### Directions for this task
Exactly as they appear, set down all the lines of the material.

### Information shown
════

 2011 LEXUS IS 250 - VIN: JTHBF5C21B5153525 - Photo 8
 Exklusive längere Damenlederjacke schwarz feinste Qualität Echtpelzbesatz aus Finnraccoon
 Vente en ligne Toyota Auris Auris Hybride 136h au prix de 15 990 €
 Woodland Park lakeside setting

════

### Written answer
 2011 LEXUS IS 250 - VIN: JTHBF5C21B5153525 - Photo 8
 Exklusive längere Damenlederjacke schwarz feinste Qualität Echtpelzbesatz aus Finnraccoon
 Vente en ligne Toyota Auris Auris Hybride 136h au prix de 15 990 €
 Woodland Park lakeside setting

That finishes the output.